Benefit #9: It Develops the Mind-Muscle Connection
The ability to single-mindedly focus on the task at hand is often what separates success from failure. Nowhere is this more evident than when working out. Many gym goers appear to cruise through their workouts as if they are painting by numbers. They follow a set rep scheme without fully engaging in the work at hand. They have failed to make the vital mind-muscle connection.
Contrast that with a person who has learnt to connect their mind into the workout. Their brain is zoned in on the working muscle, they are feeling the contraction and extension and they are self-monitoring their form. They are in the moment and the only thing that matters is successfully completing the set.
Learning to train this way doesn’t come easy. Yet, the Balance Board forces you to do it constantly. You cannot afford to have your mind wander for an instant. Every second on the board requires you to be switched into what your muscles are doing.
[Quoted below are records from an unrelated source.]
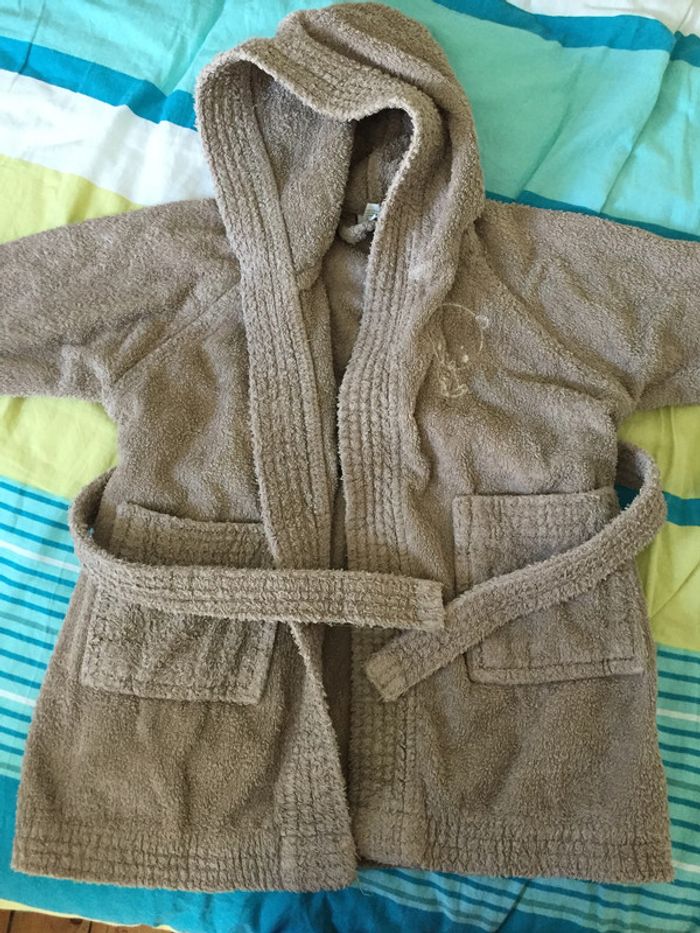 peignoir 2 ans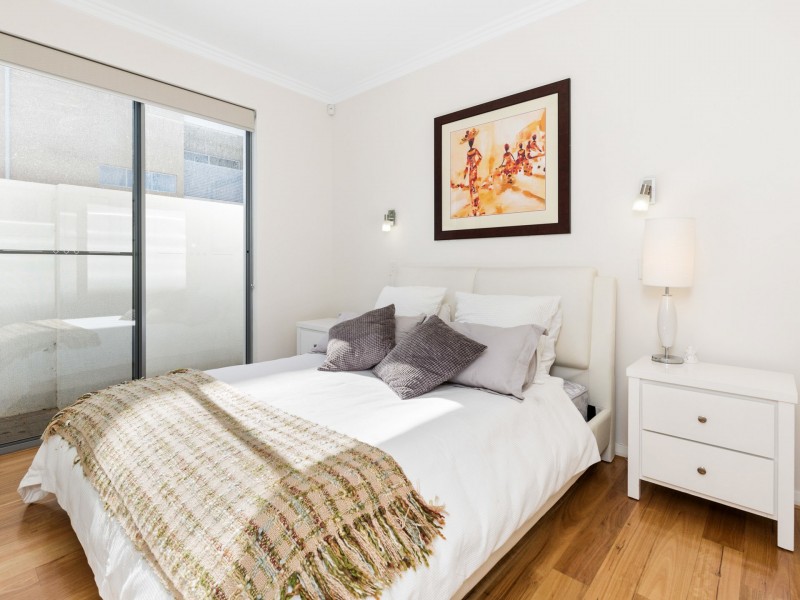 12 Coneflower Corner, Churchlands WA 6018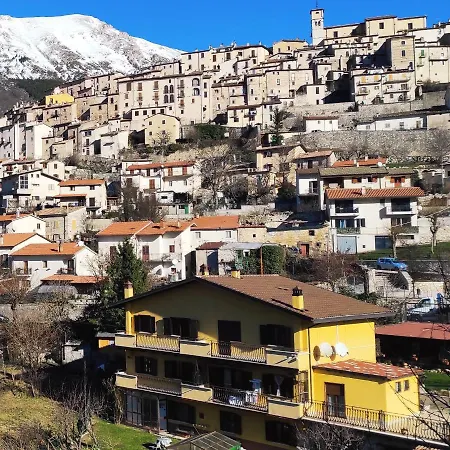 Semesterbostad Ola Barrea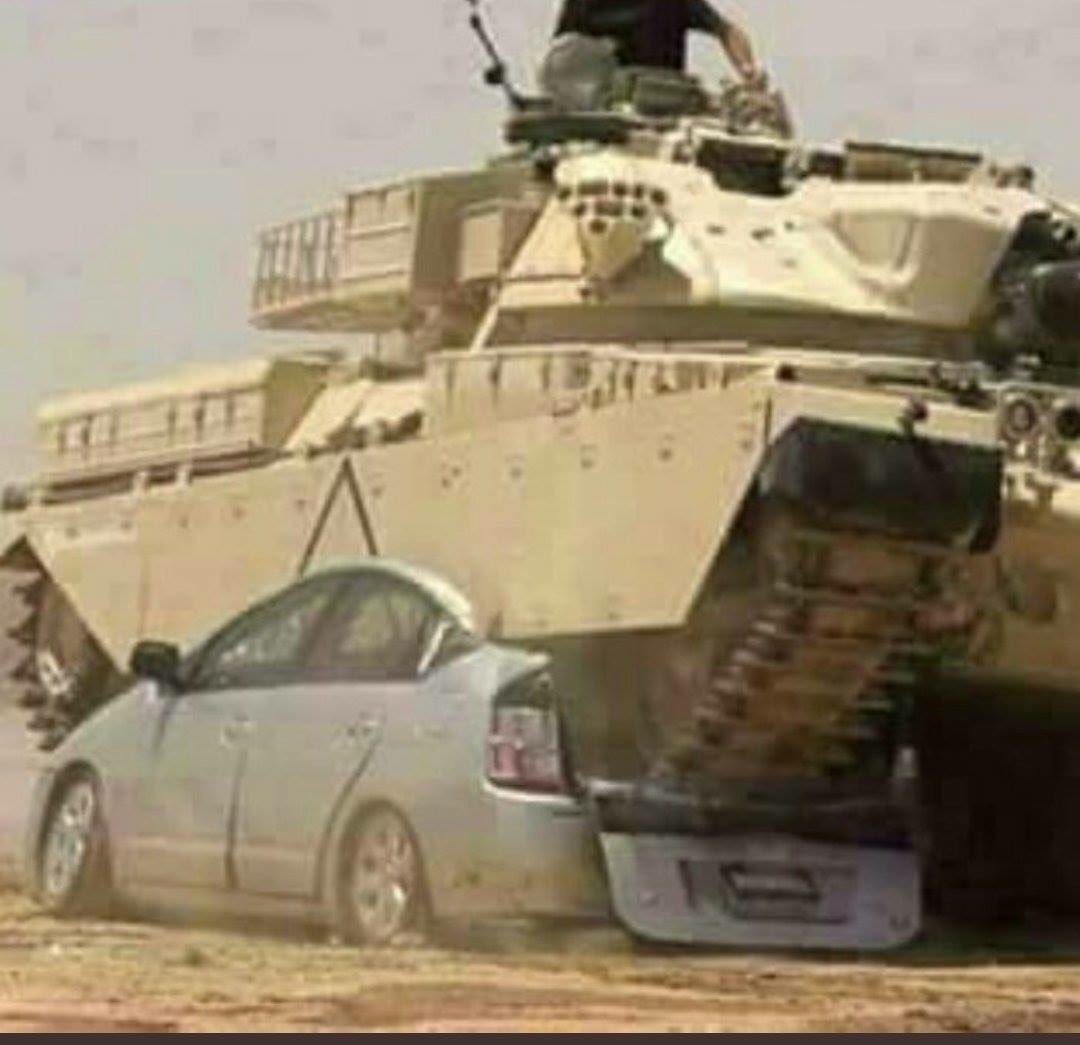Египетский танк раздавил бомбу-автомобиль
By spending time on the Balance Board you will develop your mind-muscle connection, which you will then be able to carry over to the other aspects of your training in order to maximize your results.
Benefit #10: The Balance Board Benefits You in the Water
One of the risks of Balance Board training is falling and injuring yourself on a hard surface. This is especially a concern for people with arthritis, the elderly or those coming back from injury. That’s a major reason why Balance Board training has taken to the water.
Aquatic Balance Board training offers all of the benefits of land balancing. However, when you fall, you will simply be landing on the soft surface of the water. The Balance Boards used for aquatic training are slightly modified to allow them to stay buoyant, but otherwise, are just the same as the ones you’ll find in the gym. The balance board benefits you in the water especially if falling on the ground is a concern for you.